Tail held high but not wagging, nose to the floor, Bob padded out of the family room, and Pogo followed.
The dog was intent on pursuing a scent, but he didn’t seem to be in the least distressed, as presumably he would be if an imminent threat existed. Curious, yes, and perhaps puzzled, he sniffed rapidly, deeply, sweat dripping from his black nose, which could gather and hold scents better when it was wet.
In the hallway, Bob paused, looked left, right, left, and then continued to the right, claws clicking on the wood floor. His snout was now so close to the mahogany that he left an almost continuous smear of nose sweat, like a snail trail.
The laundry-room door was ajar. As lithe as smoke drawn by a draft, the swivel-hipped dog squeezed through the narrow gap, into the dark room beyond. In the absence of a bark, Pogo trusted that no one waited behind the door, and he pushed it open. Bob pawed at the next door, the one to the garage, remembered that his surfing buddy was with him, and looked up beseechingly.

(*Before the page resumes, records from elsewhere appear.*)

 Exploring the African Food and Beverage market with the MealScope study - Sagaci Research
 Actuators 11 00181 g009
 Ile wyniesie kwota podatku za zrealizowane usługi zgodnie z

Wondering if he might be attributing the wrong motive to the Labrador’s urgency, Pogo said, “Hey, dude, you sure this isn’t just about taking a pee?”
Bob chuffed.
Choosing to interpret the chuff as a declaration of serious intent, Pogo opened the door. Bob dashed across the threshold, into the darkness, his sniffing amplified as it echoed off the cars and the garage walls.

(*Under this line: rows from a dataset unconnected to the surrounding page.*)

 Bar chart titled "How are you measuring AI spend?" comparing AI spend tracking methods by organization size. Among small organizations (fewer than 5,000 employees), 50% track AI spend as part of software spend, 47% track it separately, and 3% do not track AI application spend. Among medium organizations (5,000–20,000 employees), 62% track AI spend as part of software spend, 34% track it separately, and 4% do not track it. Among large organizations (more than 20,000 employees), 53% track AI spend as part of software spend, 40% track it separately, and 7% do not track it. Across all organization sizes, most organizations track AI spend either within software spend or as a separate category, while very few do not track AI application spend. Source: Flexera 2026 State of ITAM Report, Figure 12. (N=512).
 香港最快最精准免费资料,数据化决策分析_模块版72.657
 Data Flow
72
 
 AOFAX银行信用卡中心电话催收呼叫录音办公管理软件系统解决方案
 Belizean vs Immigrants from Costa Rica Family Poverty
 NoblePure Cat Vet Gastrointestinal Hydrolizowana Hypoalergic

Finding the switch and flipping on the fluorescent ceiling panels took maybe ten seconds, by which time Bob had wound among the three vehicles, which included Pogo’s thirty-year-old primer-gray pity-the-poor-boy Honda, and had begun to return to the laundry room. He was a canine on the hunt, no doubt about that. However, he continued to seem more excited and more puzzled than anxious, not in an obviously protective state of mind.
Makani slept in soft lamplight, fully dressed, on her back, atop the bedclothes. Head turned to her left. Arms at her sides. One palm turned up, the other flat to the blanket.

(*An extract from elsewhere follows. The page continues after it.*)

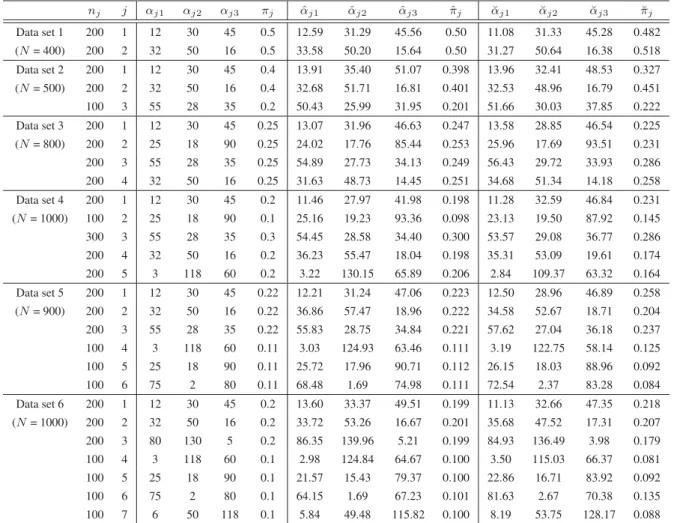 Table 2.1: Parameters of the different generated data sets. N denotes the total number of elements, n j denotes the number of elements in cluster j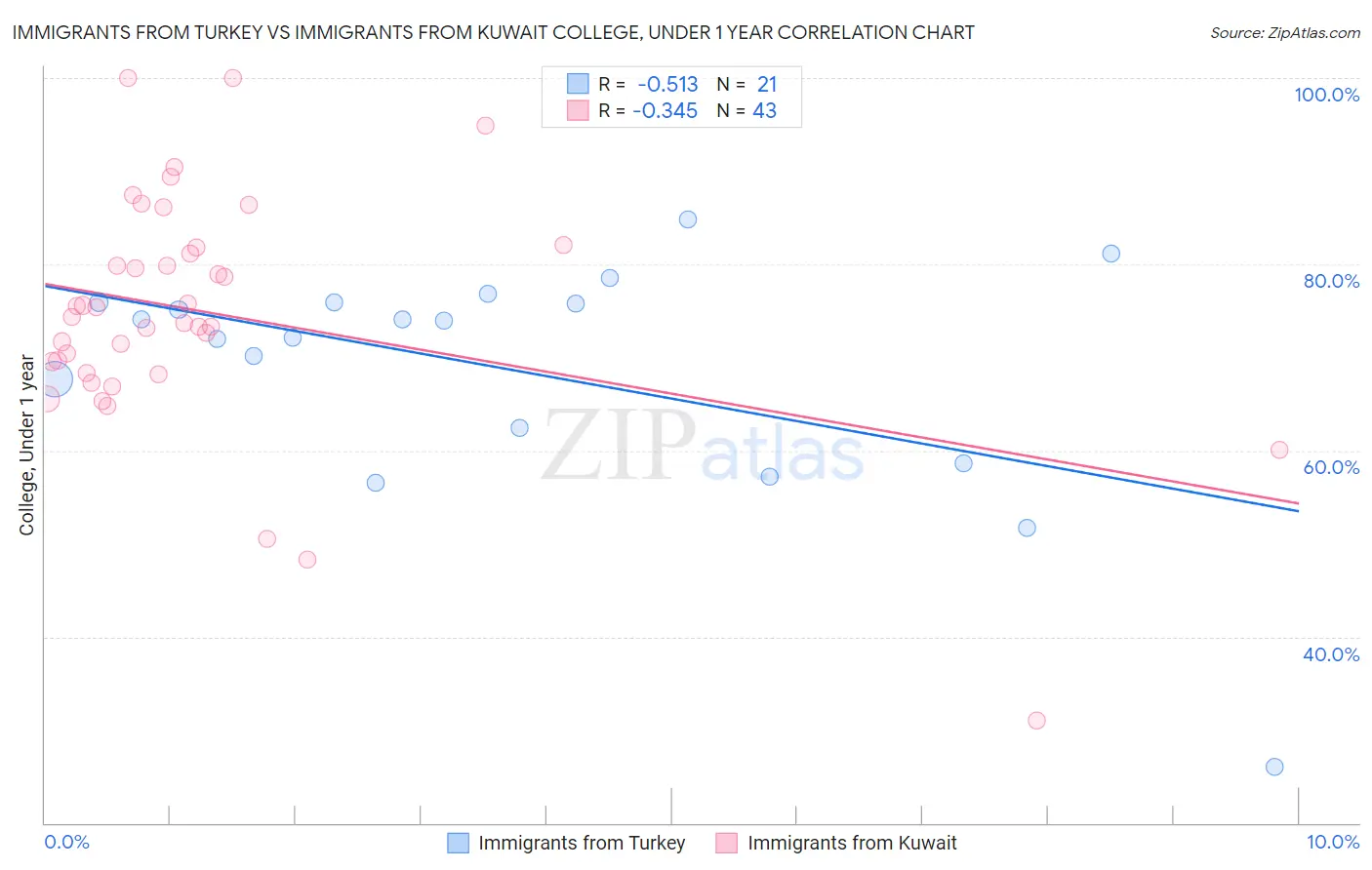 Immigrants from Turkey vs Immigrants from Kuwait College, Under 1 year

Standing bedside, gazing down at her, Rainer felt triumphant, powerful, indestructible.
The woman’s eyes moved rapidly behind their lids, a sign of dreaming.
No doubt she dreamed of him.
She feared him, but she wanted him.
She would never admit to the desire.
But he knew.
Power and sex were linked. People wanted both equally and more than anything else.
Likewise, power and death were two sides of the same card. The purpose of power was to control others. And to get rid of them if you couldn’t effect control.
Therefore sex and death were linked as well.
He had known women who wanted him to take them, by which they really meant kill them. And he had done both.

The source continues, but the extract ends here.